3. Never any error codes displayed.

4. Jets all have excellent flow.

5. New filter.

As an experiment, I set it at UT1 and it reaches 105 and is at present staying there.  How would varying the set temperature affect the sensor which cuts off at high/cuts in at low?

jack vines

Share this post


Link to post
Share on other sites

Get a Free Hot Tub Quote

Save time and money by receiving multiple, independent quotes for a hot tub.

The heater is either not turning on because it can't or because it isn't being told to.  Since you can get to 104 by apparently random powering on and off cycles, my guess is that the heater itself is OK.  That means either a sensor isn't telling the circuit board to turn on the heat, or the circuit board can't turn on the heat due to a logic or relay problem.

Check the water temperature with an independent thermometer.  How does it compare to the tub's display?  A degree or so variance isn't significant, but if the control panel thinks it's 104 and your thermometer says it's 90, than the temp sensor is probably due for replacement.  It's a good idea to replace the hi limit sensor as well.

If the sensor's appear to be accurate, the next suspect is the pressure switch.

When the tub SHOULD be heating, but isn't,  I would check the element to see if it's getting the proper voltage.  Then, check the pressure switch to see if it's closed.  If it's open when the spa should be heating but isn't heating, I would jumper the wires to see if that turns the heater on.  If it does, you probably need a new pressure switch.

If the sensor's are all good, the element is good and you're still not getting heat, my guess is that the circuit board can't turn on the heating element.  Get out your wallet,  a Watkins circuit board isn't cheap.

Dave

 

Share this post


Link to post
Share on other sites
On 1/6/2018 at 8:46 AM, Jersey Hot Tub Repair said:

Hi, Dave, thanks for the suggestions:

The heater is either not turning on because it can't or because it isn't being told to.  Since you can get to 104 by apparently random powering on and off cycles, my guess is that the heater itself is OK.  That means either a sensor isn't telling the circuit board to turn on the heat, or the circuit board can't turn on the heat due to a logic or relay problem.  Agree, the heater is obviously OK, as it heats when it gets told to work.

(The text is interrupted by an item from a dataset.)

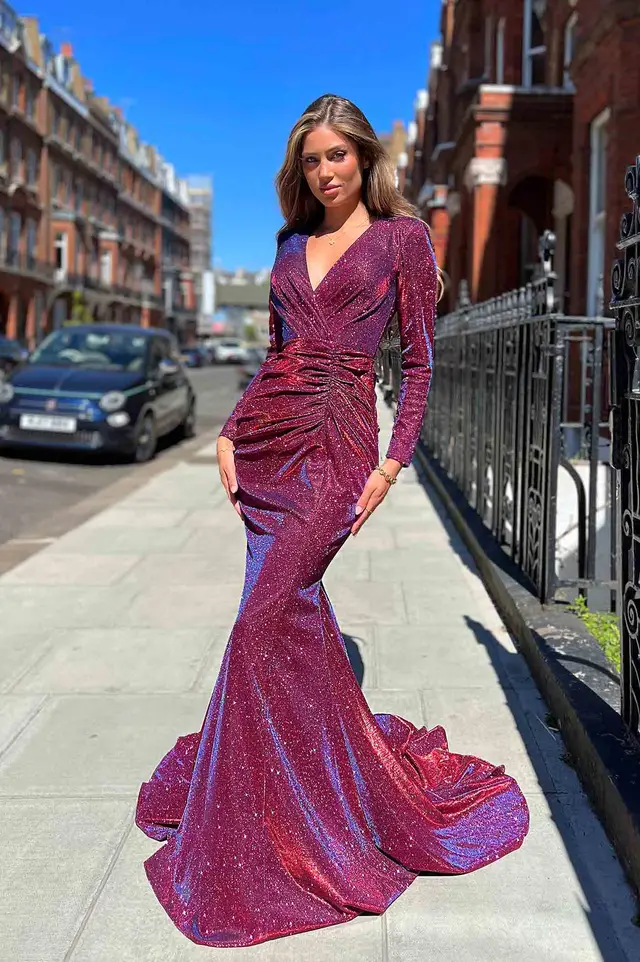 Women's Amari Long Sleeve Stardust Wine Wedding Guest Dress for Formal Events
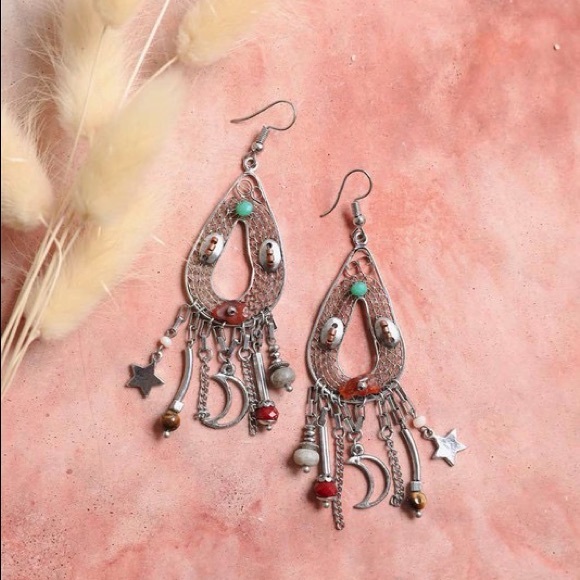 Jaxie's Unique Jewelry - Carnelian Stones & Multi-Bead Earrings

Check the water temperature with an independent thermometer.  How does it compare to the tub's display?  A degree or so variance isn't significant, but if the control panel thinks it's 104 and your thermometer says it's 90, than the temp sensor is probably due for replacement. Temperature display is accurate.

It's a good idea to replace the hi limit sensor as well.  How does the high limit sensor function?  Does it just temporarily shut off the heater at 105?  Is it possible the temperature is running past 104 and being then the heating system is being totally shut off by the high limit sensor? 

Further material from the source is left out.